ECLI:NL:RBDHA:2024:14524
Rechtbank Den Haag
- Vereenvoudigde behandeling
- Rechtspraak.nl
Niet-ontvankelijkheid van beroep wegens niet-betaling griffierecht in asielzaak
Op 12 september 2024 heeft de Rechtbank Den Haag uitspraak gedaan in de zaak AWB 24/12732, waarin eisers, allen van Turkse nationaliteit, beroep hebben ingesteld tegen het uitblijven van een beslissing op hun aanvraag om een machtiging tot voorlopig verblijf (MVV). De rechtbank heeft het beroep kennelijk niet-ontvankelijk verklaard omdat eisers het verschuldigde griffierecht van € 187,- niet hebben betaald.

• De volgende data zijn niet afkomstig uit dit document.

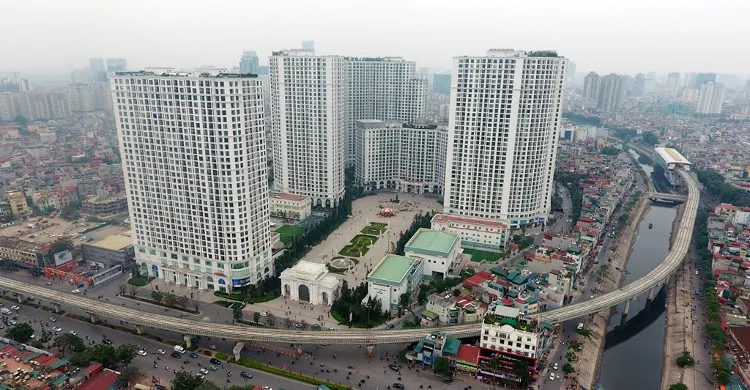 Sau khi ra khỏi ga Láng, tàu sẽ tiếp tục đi theo đường cong lớn vòng qua Ngã Tư Sở
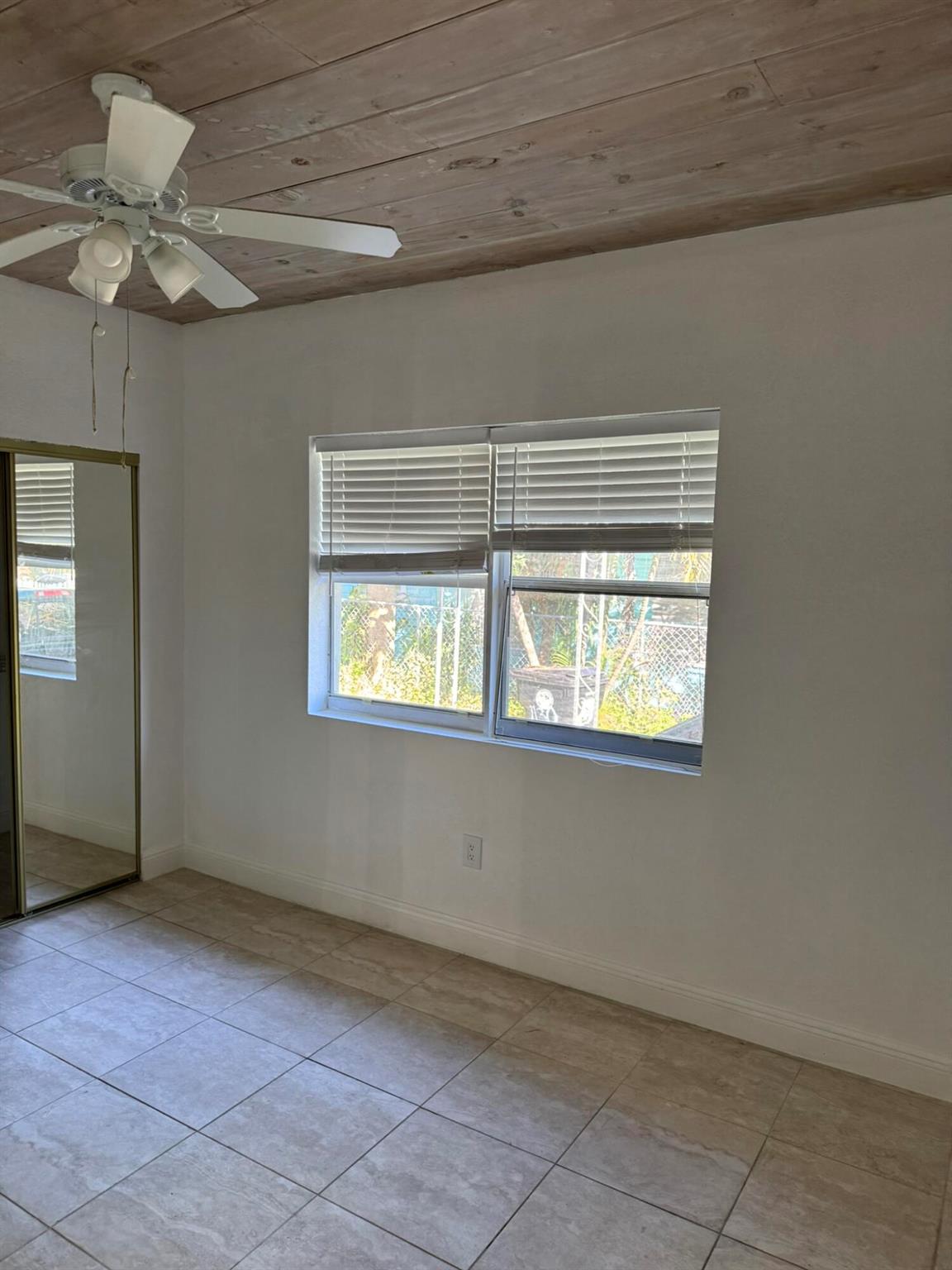 LAKE WORTH TOWN OF ADD 1 - Residential Lease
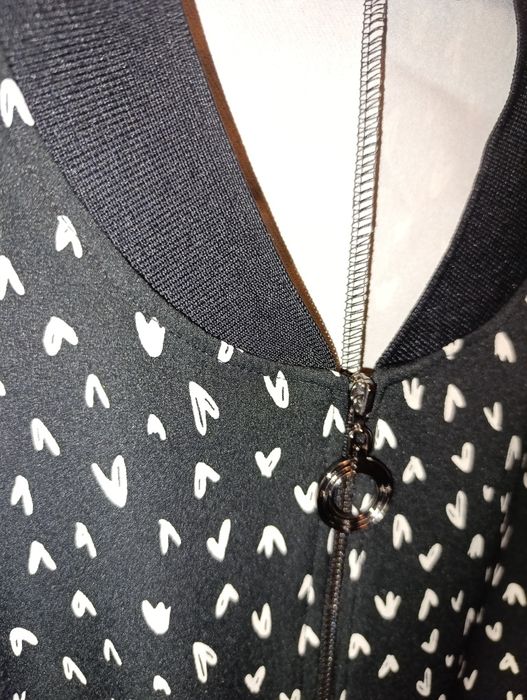 Платье женское продаю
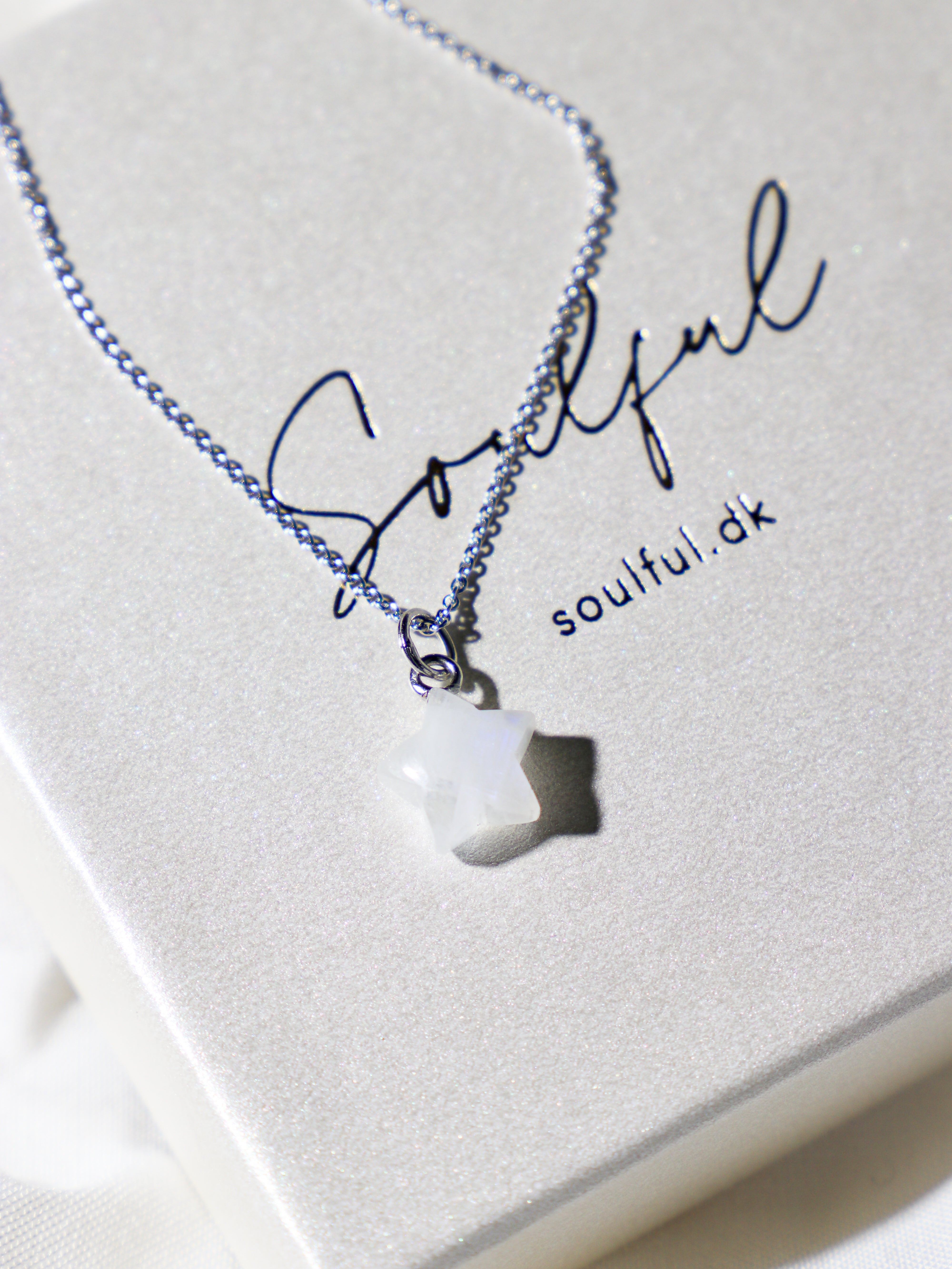 Regnbue Månesten MINI Stjerne Halskæde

De rechtbank heeft vastgesteld dat eisers op 14 augustus 2024 per aangetekende brief zijn gewezen op de verplichting tot betaling van het griffierecht, met de mededeling dat dit binnen twee weken voldaan moest zijn. De aangetekende brief is op 16 augustus 2024 bezorgd, maar eisers hebben het griffierecht niet betaald en hebben geen verontschuldiging voor dit verzuim gegeven.

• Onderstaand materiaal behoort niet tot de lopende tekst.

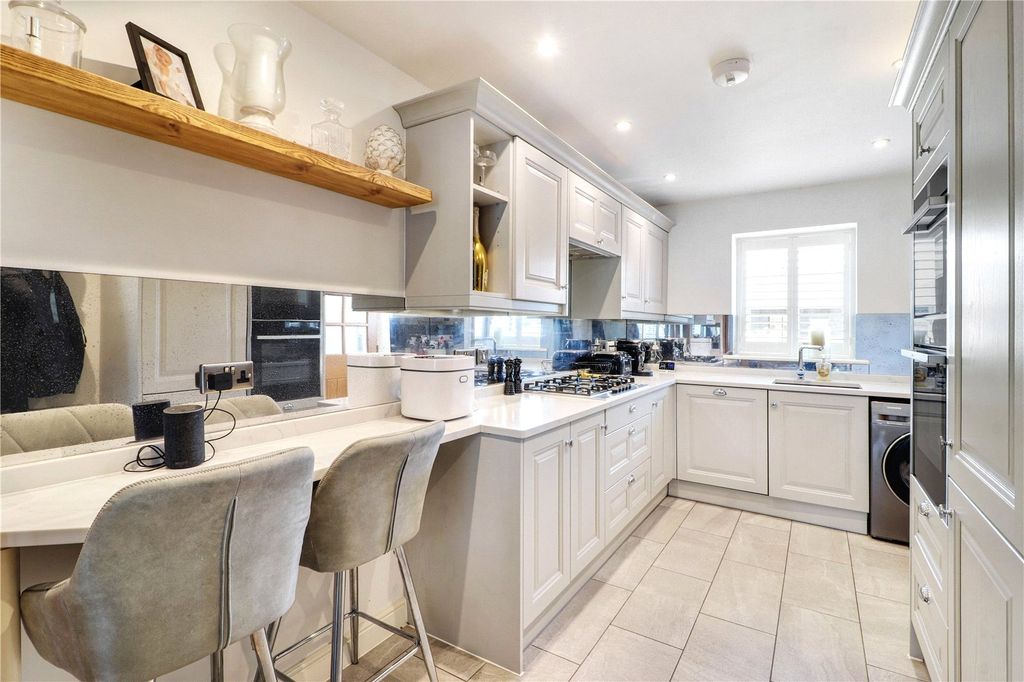 Property photo 2 of 19 Kitchen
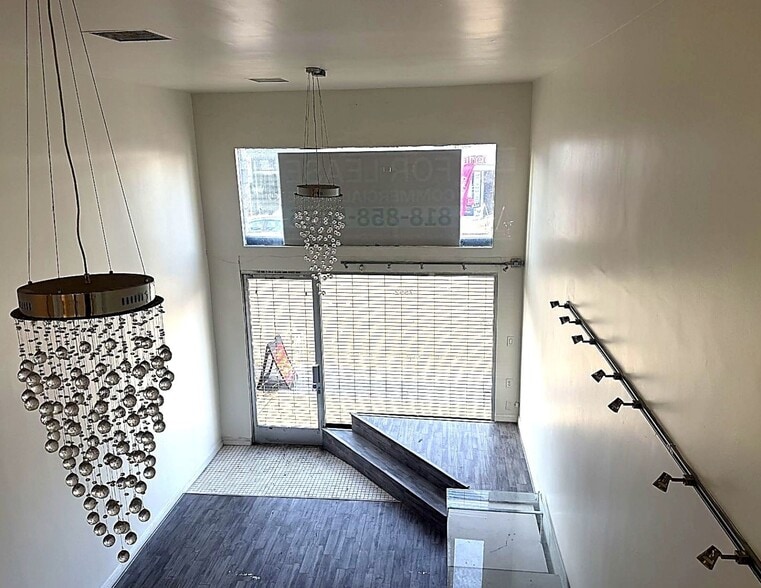 More Photos Of 7552 Melrose Ave, Los Angeles Storefront For Lease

De rechtbank heeft in haar beoordeling benadrukt dat het niet tijdig betalen van het griffierecht niet verontschuldigbaar is, en dat de wet (artikel 8:41 van de Algemene wet bestuursrecht) bepaalt dat het beroep niet-ontvankelijk verklaard moet worden in het geval van niet-betaling. De rechtbank heeft geen inhoudelijke beoordeling van het beroep gedaan, aangezien het beroep niet-ontvankelijk is verklaard. Er is ook geen aanleiding voor een proceskostenveroordeling. De uitspraak is gedaan door mr. F. Sijens, rechter, en openbaar gemaakt op rechtspraak.nl. Partijen zijn geïnformeerd over hun recht om verzet aan te tekenen tegen deze uitspraak binnen zes weken na verzending.